Naive Bayes (Jurafsky Martin)
An introduction to training and using a Naive Bayes classifier, as presented in Jurafsky Martin Chapter 04: Naive Bayes and Sentiment Classification
The Naive Bayes Classifier
The ‘naivety’ denotes that the classifier makes a simplifying assumption about how the features in the data interact.
The representation of a document in NB is bag of words (unordered set of words with their position ignored).
NB is a probabilistic classifier, so for a document d, of all classes \(c \in C\), the classifier returns \(\hat{c}\), which has the maximum posterior probability given the document. The hat notation means (our estimate of the correct class):
\[\hat{c} = \mathrm{argmax}_{c \in C} P(c|d)\]
The classifier relies on the familiar rule of Bayesian inference:
\[P(x|y) = \frac{P(y|x)P(x)}{P(y)}\]
Applying the inference rule means we can restate \(\hat{c}\) as:
\[\hat{c} = \mathrm{argmax}_{c \in C} P(c|d) = \mathrm{argmax}_{c \in C} \frac{P(d|c)P( c)}{P(d)}\]
We can drop the denominator \(P(d)\) altogether, since we’ll be estimating every class, and \(P(d)\) doesn’t change for each class, leaving us with \(\mathrm{argmax}_{c \in C} P(d|c) P( c)\).
We can read this as an implicit assumption about how a document is generated: first a class is sampled from \(P( c)\) and then the words are generated by sampling from \(P(d|c)\). Accordingly this is an example of a generative model.
So we generate a classification by taking the product of two probabilities: the prior probability of the class \(P( c)\), and the likelihood of the document \(P(d|c)\). If we represent the document as a set of features \(\{f_1,f_2,\dots ,f_3\}\), that gives us:
\[\hat{c} = \mathrm{argmax}_{c \in C} P(f_1,f_2,\dots ,f_n | c) P( c)\]
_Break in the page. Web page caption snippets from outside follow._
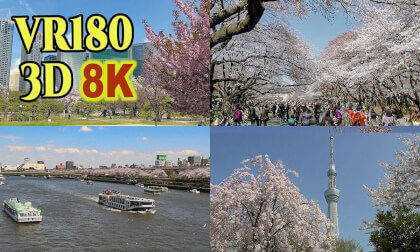 Famous cherry blossom spots in Tokyo, shot on old 3D video camera VR Video Famous cherry blossom spots in Tokyo, shot on old 3D video camera VR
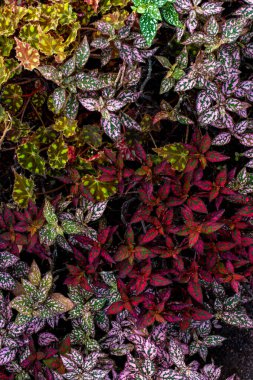 Hipopestler, Acanthaceae ailesinin tropikal bitki cinsi, arka plan görüntüsü.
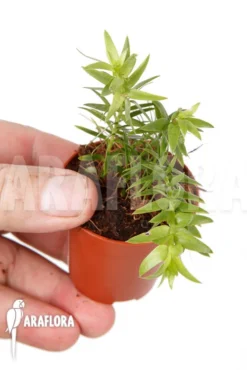 Huperzia (syn: Lycopodium) Phlegmaria 'Starter'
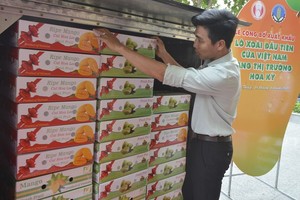 Việt Nam cung cấp cho thị trường Mỹ 1.352 tấn xoài các loại, tăng 87,4% so với cùng kỳ 2019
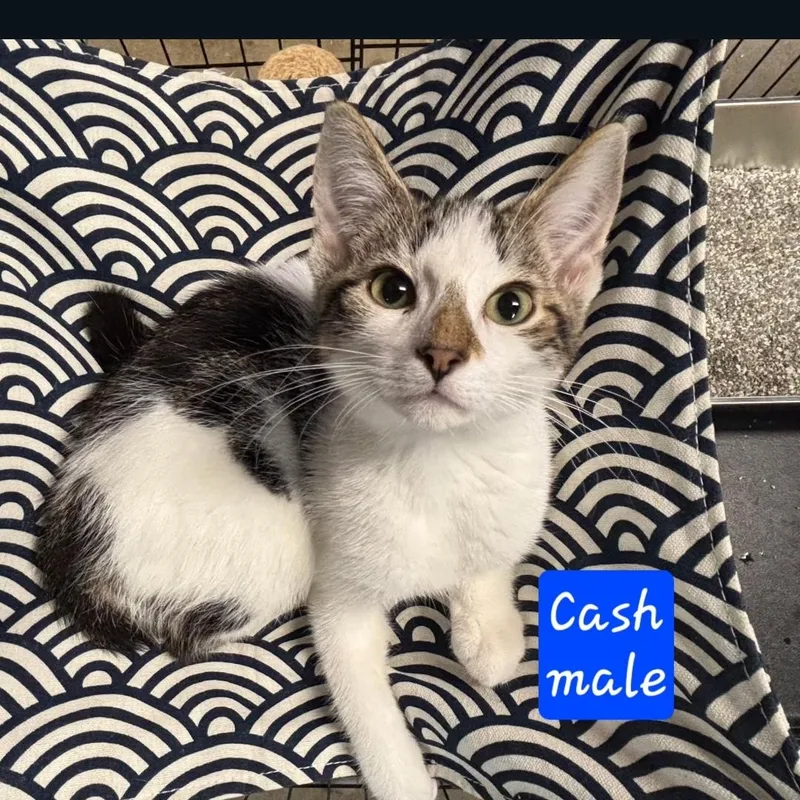 Cash thumbnail 2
This is still too hard to compute, so NB classifiers make two simplifying assumptions. First is the bag of words representation of the features, we assume position doesn’t matter. Second is the naive Bayes assumption, that the probabilities \(P(f_i | c)\) are independent given the class c and so can be ‘naively’ multiplied: \(P(f_1|c) \cdot P(f_2|c) \cdot, \dots, \cdot P(f_n |c)\) to give the overall probability. This gives us the final equation of the naive Bayes classifier:
\[c_{NB} = \mathrm{argmax}_{c \in C} P( c) \prod_{f \in F} P(f|c)\]
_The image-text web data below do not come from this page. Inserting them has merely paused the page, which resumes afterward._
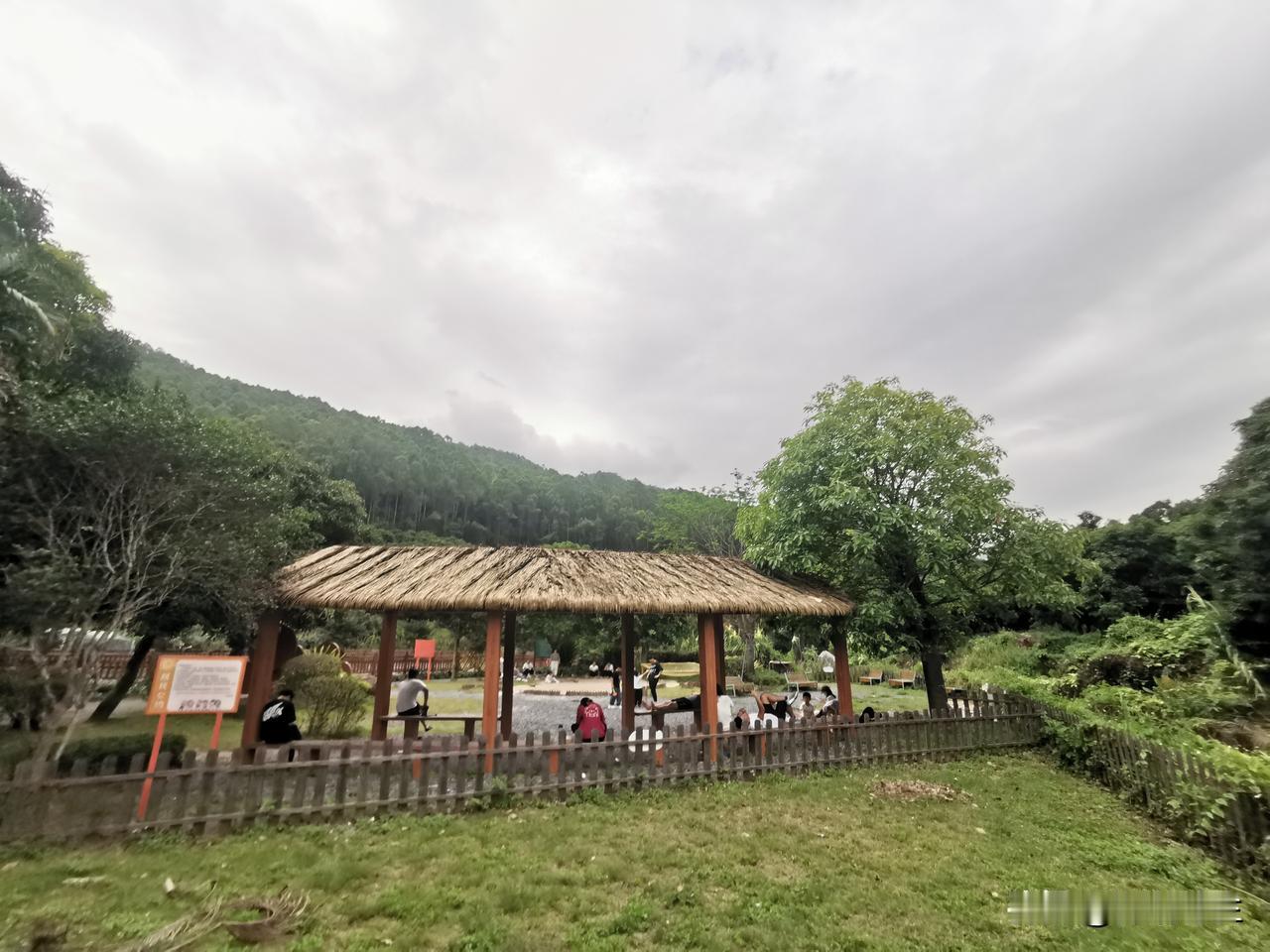 今天5月3号，深圳这雨就跟断了线的珠子似的，从中午一直下到下午，根本停不下来。
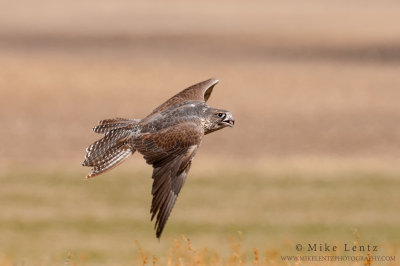 Gyrfalcon (juvenile) in flight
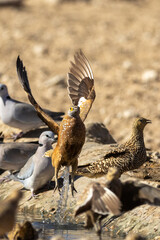 Wall Mural - Burchell's sandgrouse (Gevlekte sandpatrys) (Pterocles burchelli) in flight at Kij Kij in the Kgalagadi Transfrontier Park in the Kalahari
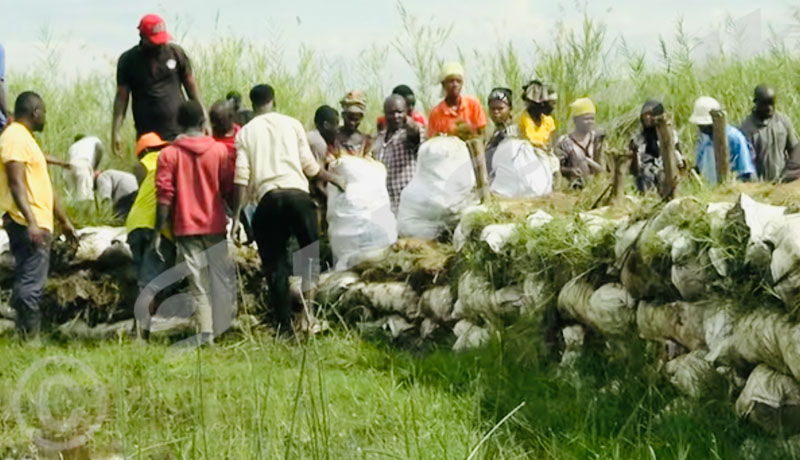 Inondation à Gatumba : Les habitants se préparent au pire avec l’annonce de fortes précipitations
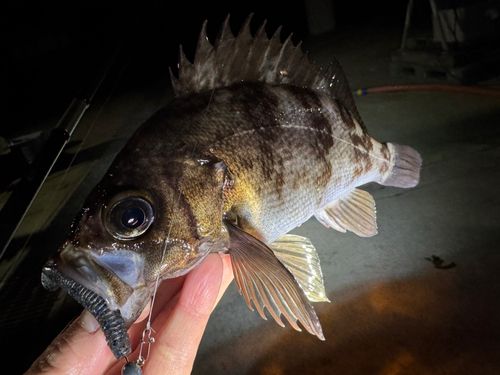 マタナゴの釣果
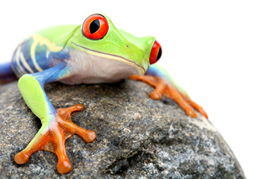 frog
This is done in log space to avoid underflow issues, producing a linear combination of the input features (making this a linear classifier). With the words indexed at position i we get:
\[c_{NB} = \mathrm{argmax}_{c \in C} \log{P( c)}+ \sum_{i \in positions} \log{P(w_i|c)}\]
Training the Classifier
How do we learn \(P( c)\) and \(P(f_i | c)\)? One way would be to use the Maximum Likelihood Estimate, and rely on the frequencies in the data.
For \(P( c)\) this is just the number of docs in the class over the number of docs: \(\frac{N_c}{N_{doc}}\).
For \(P(f_i | c)\) we assume the bag of words representation, so we’re looking for \(P(w_i | c)\), which we can compute as the fraction of times the word \(w_i\) appears among all words in all documents of topic c. So we concatenate all documents in c into one large “category c” text. Then we use the frequency of \(w_i\) in that concatenation to give us the likelihood probability. Here V is the union of all word types across all categories:
\[\hat{P}(w_i|c) = \frac{count(w_i, c)}{\sum_{w \in V} count(w, c)}\]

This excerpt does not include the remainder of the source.